# Another one in need of help...



## Destrozada

51 years old, 25 years married (sort of), 2 adult kids. Trying to keep marriage together...


----------



## Mr.Married

Trying to keep it together out of fear or out of love ?


----------



## Destrozada

I deeply love my husband. I know he does too. We had a flaw-method of communication. I went to therapy to help myself deal with emotional issues from childhood and marital too. We have a special bond. We love and care for each other. He has been sick, really sick and he looks for me to help me because he knows I will be there. I got hospitalized at the beginning of this year and he bended back and forward to make sure I was ok. My kids told me that he was very worried and cried. There's a lot of genuine feelings that we have for each other. That I know for sure and because of that we want to continue married.

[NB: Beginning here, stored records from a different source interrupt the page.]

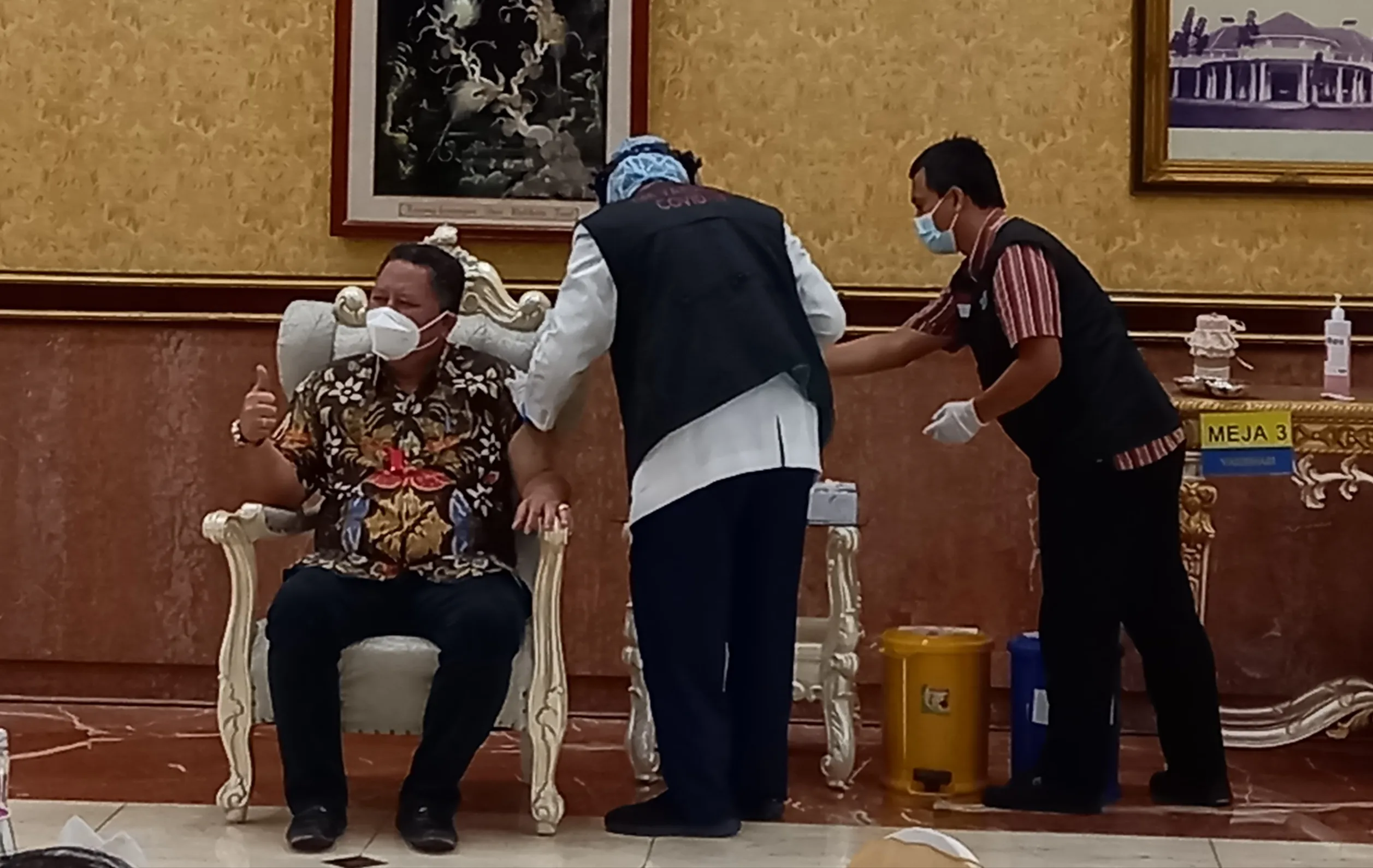 Disuntik Vaksin, Plt Wali Kota: Cuma Nyeri Dikit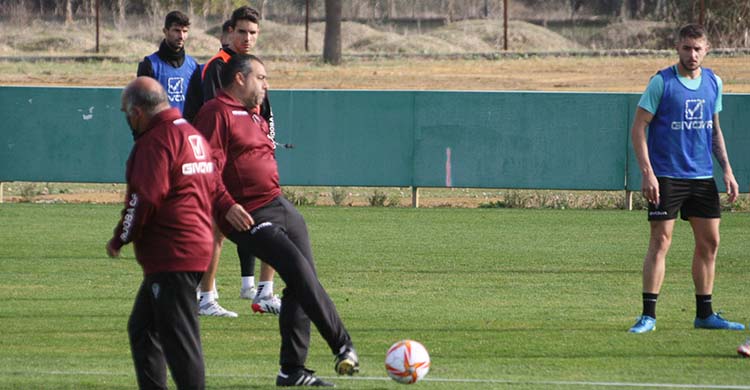 Germán Crespo tocando el balón en el último entrenamiento antes de recibir al Sevilla en Copa del Rey.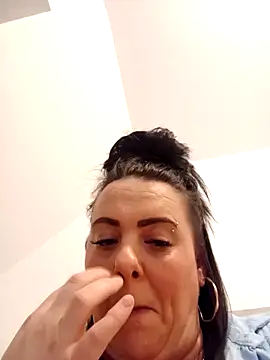 Snapshot of louisa36 chatting on 02.15.26 louisa36 online show from 02.15.26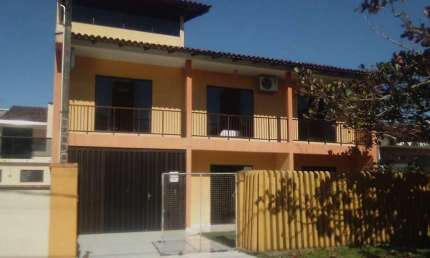 Sobrado para Venda em Guaratuba, Balneário Coroados, 4 dormitórios, 2 suítes, 5 banheiros, 3 vagas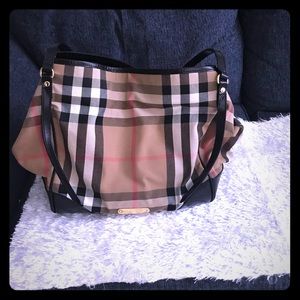 Burberry purse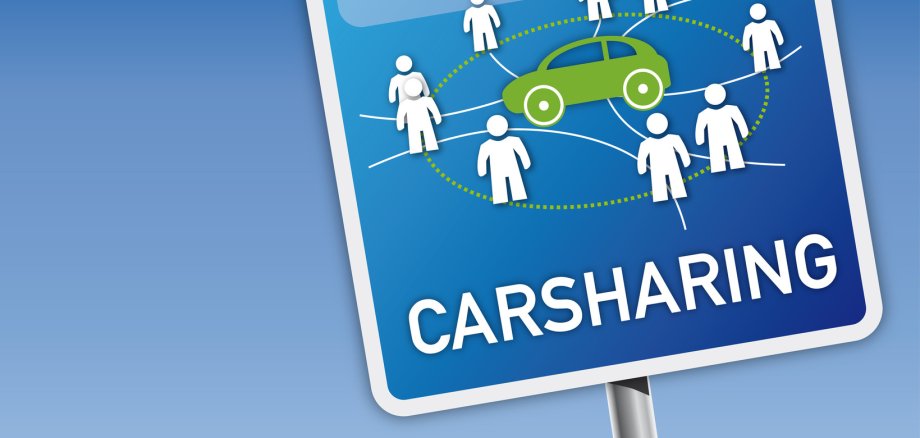 Carsharing-Schild mit Himmel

Not many couples have the same... It's worth fighting for.


----------



## BeyondRepair007

Destrozada said:


> I deeply love my husband. I know he does too. We had a flaw-method of communication. I went to therapy to help myself deal with emotional issues from childhood and marital too. We have a special bond. We love and care for each other. He has been sick, really sick and he looks for me to help me because he knows I will be there. I got hospitalized at the beginning of this year and he bended back and forward to make sure I was ok. My kids told me that he was very worried and cried. There's a lot of genuine feelings that we have for each other. That I know for sure and because of that we want to continue married. Not many couples have the same... It's worth fighting for.


It seems clear that you love each other so why the concern about keeping your (sort of) marriage together? I’m not following what the problem is.


----------



## BeyondRepair007

BeyondRepair007 said:


> It seems clear that you love each other so why the concern about keeping your (sort of) marriage together? I’m not following what the problem is.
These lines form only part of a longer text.